In September 2017, the Bodleian Library of Oxford University released a video clip in which the world announced the discovery. The experts then determined by radiocarbon method the age of the ancient Indian manuscript of Bakhshali, stored in the library. It turned out that three sheets of writing material from birch bark were created at very different times: they dated approximately 300, 700 and 900 years of our era.

This manuscript is interesting, in particular, in that it uses the zero symbol. If we assume that the whole manuscript was written in the times corresponding to the earliest dating, it appears that this is the oldest known use of such a symbol. However, according to the experts of the library, zero was used only as a digit in the decimal notation of the number, and not as a separate number, over which it is possible to perform arithmetic operations.

But now an international team of scientists led by the historian of mathematics Kim Plofker (Kim Plofker) published an article in the journal History of Science in South Asia, in which she put the voiced conclusions into question.

The researchers drew attention to the fact that the text on the sheets that received such different estimates of age does not at all look composed of fragments written at different times.

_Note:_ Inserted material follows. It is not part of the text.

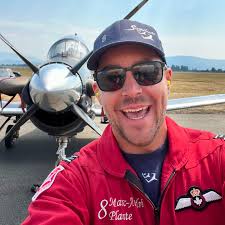 Photo dump for #SelfieSaturday at #abbyairshow #rcaf100 🤳 1)  #airplanesthatsmile 2) Best volunteer job at the airshow 3) Which  #rcaftartan is better? 4) Tally-Ho finding the executive director of the  airshow (and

The whole manuscript is a single coherent treatise. Moreover, it is written in the same handwriting. If you exclude versions with a dating error or a time machine, it turns out that the scribe did not live earlier than the most “young” part of Bakhshali was created. Simply, he used not only modern “for him” paper, but also more ancient.

Moreover, the dating of the entire manuscript by the end of the eighth century is consistent with other estimates of her age, based on historical documents.

If so, it turns out that the zero in the manuscript is 600 years younger than it was stated in the September releases. But, the authors console, it appears there as a full-fledged number, and not just as a symbol of an empty discharge. In particular, the treatise contains a phrase saying: “Add one to zero …”. This proves that the ancient mathematician understood zero as a number over which arithmetic operations can be performed.

At the end of the article, the authors regret that the Bodleian library staff preferred to announce its result not through an article submitted to a scientific journal, where studies are subject to mandatory peer review and review, and through a press release to newspapers and videos on the YouTube resource.